Among the lines below, keep only those from the one containing "alfredo sauce with" through the one containing "Three glass pinecone", and reproduce them exactly.

[[ Given information, beginning ]]

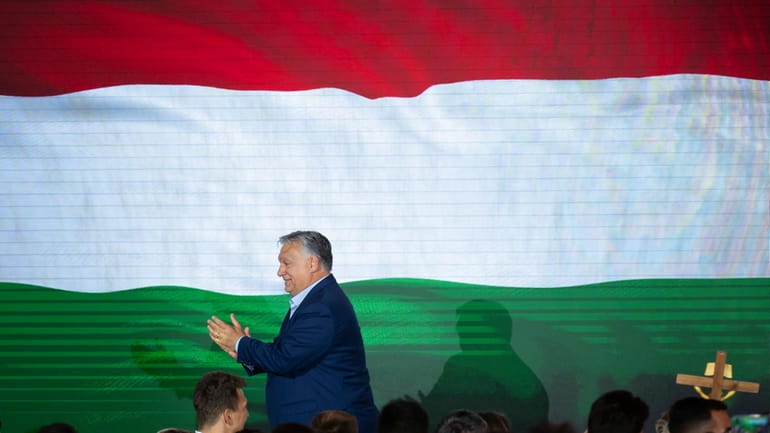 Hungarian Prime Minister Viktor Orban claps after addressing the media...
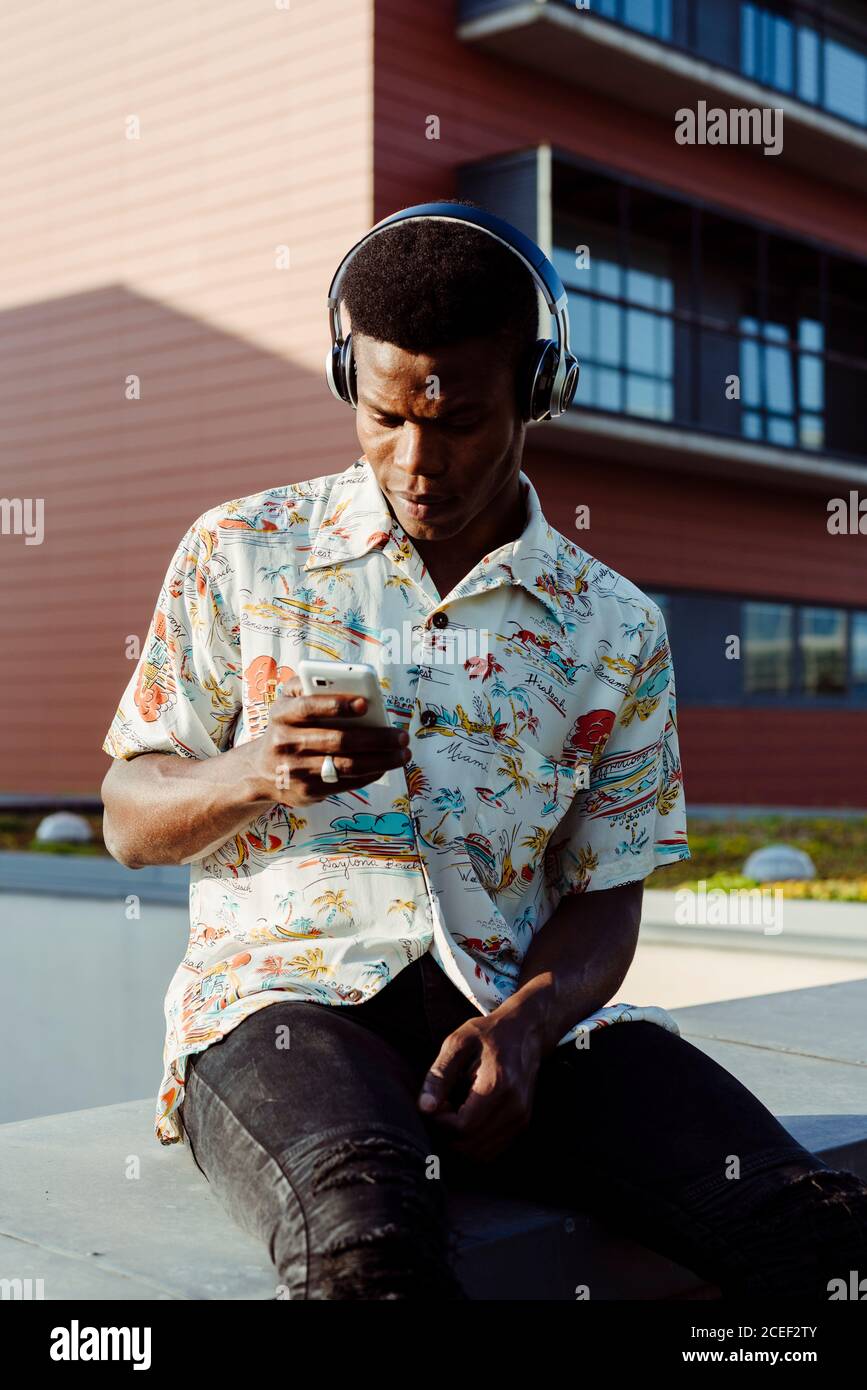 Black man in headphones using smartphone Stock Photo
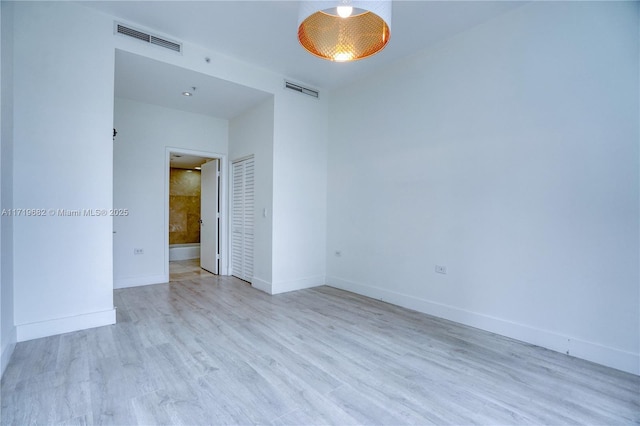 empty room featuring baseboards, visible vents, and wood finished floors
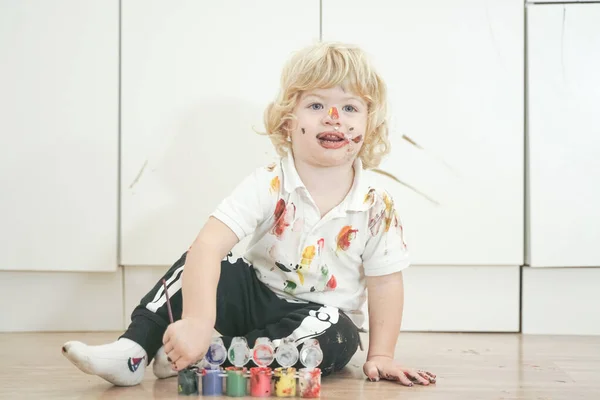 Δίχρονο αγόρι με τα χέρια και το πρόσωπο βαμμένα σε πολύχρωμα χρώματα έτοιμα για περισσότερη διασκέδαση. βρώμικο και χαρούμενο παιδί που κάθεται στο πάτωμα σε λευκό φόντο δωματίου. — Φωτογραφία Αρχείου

[[ Given information, end ]]
[[ Given information, beginning ]]

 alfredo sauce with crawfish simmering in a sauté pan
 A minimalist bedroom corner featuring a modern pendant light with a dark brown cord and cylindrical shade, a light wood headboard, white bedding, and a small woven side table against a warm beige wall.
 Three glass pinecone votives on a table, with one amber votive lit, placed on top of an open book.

[[ Given information, end ]]

Answer space »
 alfredo sauce with crawfish simmering in a sauté pan
 A minimalist bedroom corner featuring a modern pendant light with a dark brown cord and cylindrical shade, a light wood headboard, white bedding, and a small woven side table against a warm beige wall.
 Three glass pinecone votives on a table, with one amber votive lit, placed on top of an open book.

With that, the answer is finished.